Ron Lindner, a Northwest Side native, died Monday after a life that changed the way modern fishing is done on the water and in the media.
On May 5, 2016, Ron Lindner posted on Facebook, “FISHING ISN’T JUST SOMETHING I DO —IT’S BECOME PART OF WHO I AM,”
On Monday, Lindner died after battling various aliments. Mr. Lindner led a full life, including overcoming alcoholism and having a religious conversion.
“I knew them way before they found the Lord,” said Spence Petros, Chicago’s best-known angler/fishing teacher.
With a historic reference, he said, “They changed fishing with the Lindy Rig and small hooks and light line. They had that magic act and would run from lake to lake with their depth finders, catching fish from spots and humps nobody knew about. They knew what the hell was going on with the Buck Perry teachings [on structure fishing]. It was an exciting time in the Golden Age of Fishing.”
As young men, Mr. Lindner, 86. and his younger brother Al left the Northwest Side to lead a fishing revolution and build a fishing empire.
“Ron and his brother were truly pioneers in the era of modern fishing,” emailed Jim Saric, Chicago’s Hall of Fame angler and host of Musky Hunter TV. “With social media today, it’s easy to take fishing concepts and techniques for granted. If you go back to some of the early In-Fish magazines, as well as some of the original television shows, you can read and watch techniques for locating and catching fish that are still being used today.”
In 1975, the Lindners led the launching of In-Fisherman Communications Network, which grew to a magazine, a nationally syndicated television show, radio program, books and videos. They started In-Fisherman Professional Walleye Trail as a marketing device.

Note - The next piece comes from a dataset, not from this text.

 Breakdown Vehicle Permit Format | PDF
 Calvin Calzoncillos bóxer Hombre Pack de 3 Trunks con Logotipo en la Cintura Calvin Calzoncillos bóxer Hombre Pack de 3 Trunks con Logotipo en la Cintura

In-Fisherman was sold in 1998, then the Lindners launched Lindner’s Angling Edge.
“At a time in my midlife when things had taken a left turn and I wound up in desperate circumstances, I would call Ron for advice and counsel, as he had suffered similarly years before,” emailed Chip Porter, Chicago angler and former radio host. “He was incredibly insightful, and full of grounded wisdom that would refocus and direct me at a time when it seemed the world had no good directions.”
Mr. Lindner is survived by his wife, Dolores, their seven children and many grandchildren.
Frank Juzwik, who made Lake Michigan Angler in Winthrop Harbor special, died last week. He battled COVID-19. Click here for an obit.
Second firearm deer season is Thursday to Sunday. . . . Last week, 41 boats reported 78 ducks at Heidecke Lake, according to site superintendent Chris Jones. . . . At William Powers State Recreation Area, 18 hunters bagged seven mallards and six other ducks, emailed Nicky Strahl, hunter heritage biologist.
Two 6-inch perch don’t equal one 12-inch (Bears thought).